The blows to my chin had left me groggy; otherwise I might have made it to the hall in time to stop him. Instead, I stood in the open front doorway, listening as the two of them ran away into the night. A few seconds later, I heard an engine roar to life, and then tires squealing. I closed the door and locked it, then went in to Olivia.
She was conscious, lying on the floor and staring at the ceiling. There was a bruise shaped like an open hand on her cheek. One eye was beginning to swell.
I knelt beside her and said, “Tell me where it hurts.”
She tried to smile. “Everywhere.”
I felt behind her head where the Other One had hit her with his sidearm. She wasn’t bleeding much.
I said, “Can you sit up?”
“Don’t want to.”
“We need to find out if you can move.”
She rolled to her side, pushed herself into a seated position, and then kept going until she was on her feet. She swayed a little, but it didn’t look as if Medallion had broken any bones. I stepped close, slipped an arm around her back, and helped her to the sofa. I eased her down and then dropped to the cushion beside her, wincing as the cracked rib sent another spike of pain across my side. I took out my cell phone.
She said “Who are you calling?”
“The police and an ambulance.”
“Could we talk about that first?”
“Okay…”
“I’ve got some, uh, some pending legal issues. They could come up if the police get involved.”
“You don’t want to report this?”
“I’d rather not, if that’s okay.”
“We need to get some medics over here. A blow like that to the head… You could have a concussion. Maybe a subdural hematoma. It could kill you or cause a stroke and leave you paralyzed. Besides, you’re an assault victim, and shots were fired.”
“I’m okay, Malcolm. Please? It would be really bad for me.”

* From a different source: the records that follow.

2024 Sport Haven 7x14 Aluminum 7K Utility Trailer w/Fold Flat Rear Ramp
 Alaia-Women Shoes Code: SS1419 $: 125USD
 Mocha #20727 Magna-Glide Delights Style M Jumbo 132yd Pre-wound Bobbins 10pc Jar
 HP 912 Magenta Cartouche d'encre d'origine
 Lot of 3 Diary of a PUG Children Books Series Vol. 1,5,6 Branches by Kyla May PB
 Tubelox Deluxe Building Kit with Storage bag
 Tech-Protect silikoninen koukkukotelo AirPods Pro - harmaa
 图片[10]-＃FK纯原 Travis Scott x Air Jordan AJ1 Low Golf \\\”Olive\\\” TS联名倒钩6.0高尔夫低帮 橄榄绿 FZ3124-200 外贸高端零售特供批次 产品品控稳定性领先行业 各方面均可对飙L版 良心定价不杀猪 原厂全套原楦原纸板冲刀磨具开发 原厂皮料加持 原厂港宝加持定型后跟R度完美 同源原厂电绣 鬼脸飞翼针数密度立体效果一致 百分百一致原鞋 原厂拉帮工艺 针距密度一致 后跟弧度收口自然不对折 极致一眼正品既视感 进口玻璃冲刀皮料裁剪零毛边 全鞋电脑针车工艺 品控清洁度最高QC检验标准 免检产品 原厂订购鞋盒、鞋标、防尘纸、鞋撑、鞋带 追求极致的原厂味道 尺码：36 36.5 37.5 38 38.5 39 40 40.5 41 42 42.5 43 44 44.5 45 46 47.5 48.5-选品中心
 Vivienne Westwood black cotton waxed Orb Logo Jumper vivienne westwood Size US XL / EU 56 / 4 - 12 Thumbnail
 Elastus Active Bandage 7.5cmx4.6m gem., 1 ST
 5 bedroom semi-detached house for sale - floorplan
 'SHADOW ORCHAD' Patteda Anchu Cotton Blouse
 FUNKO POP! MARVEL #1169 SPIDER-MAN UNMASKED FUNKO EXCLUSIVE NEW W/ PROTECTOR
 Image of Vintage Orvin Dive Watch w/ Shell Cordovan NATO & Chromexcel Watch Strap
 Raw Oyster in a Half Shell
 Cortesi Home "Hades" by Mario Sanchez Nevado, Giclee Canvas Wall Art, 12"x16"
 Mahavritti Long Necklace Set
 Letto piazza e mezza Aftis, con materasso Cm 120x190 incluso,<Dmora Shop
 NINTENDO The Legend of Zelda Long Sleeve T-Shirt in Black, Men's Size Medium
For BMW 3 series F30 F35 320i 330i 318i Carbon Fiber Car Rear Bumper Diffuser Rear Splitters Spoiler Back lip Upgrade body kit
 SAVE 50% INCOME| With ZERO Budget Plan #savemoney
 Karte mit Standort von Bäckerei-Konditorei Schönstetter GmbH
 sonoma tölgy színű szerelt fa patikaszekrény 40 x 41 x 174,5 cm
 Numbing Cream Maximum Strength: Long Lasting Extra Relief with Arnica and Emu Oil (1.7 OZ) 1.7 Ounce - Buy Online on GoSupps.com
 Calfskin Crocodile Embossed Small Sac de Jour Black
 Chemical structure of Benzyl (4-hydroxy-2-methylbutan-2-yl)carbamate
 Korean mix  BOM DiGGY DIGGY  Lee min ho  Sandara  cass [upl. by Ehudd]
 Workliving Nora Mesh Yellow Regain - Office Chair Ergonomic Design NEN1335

“Want to tell me why, exactly?”
“It’s better if you don’t know, but I’ll explain if you make me.”
“I don’t want to make you do anything.”
“I’m not wanted for murder or robbery or anything like that. They don’t want to put me in jail. It’s more of a civil issue, if that helps.”
“If we don’t report this now, we can’t report it later.”
“I know.”
“Those guys could come back.”
“I don’t think so. Not after the beating you gave them. They’re probably thinking there are easier ways to rape a girl in this town.”
“You think this was about rape?”
“Sure. What else?”
“I heard the one who beat you ask where something is.”
“Did he? I guess I don’t remember.”
“What was he asking you about?”
“I don’t know. It’s all kind of blurry.”
Sitting beside her on the sofa, I thought about how close I’d come to telling her I knew who she was, to trusting that she would come clean about her relationship to Alejandra Delarosa. Now I’d almost been killed protecting her, and she wouldn’t even admit that the same guys who had tried to kill me in the Santa Ana Mountains had been trying to beat some information out of her. I told myself I was a sentimental fool.
She laid her head on my shoulder. “I can never thank you enough for what you did, Malcolm.”
I put the cell phone back in my pocket. I pushed her away gently and stood up. I walked to Medallion’s M9, which I had put down on a table to help Olivia to the sofa. I slipped it under my belt and said, “Do you have any first-aid supplies? We should look after that cut on your head. Then let’s get some ice on that eye.”
I checked her pupils for uneven dilation. I crushed some ice and put it in a plastic baggie, then told her to hold it on her eye. I sterilized the cut on the back of her head and covered it with a little gauze and surgical tape.
Olivia said she was afraid to spend the night alone. It was the one thing she had said that I believed, so I offered the spare bedroom at the guesthouse. She packed a few things, and half an hour later, we were in the Aston Martin, heading for El Nido.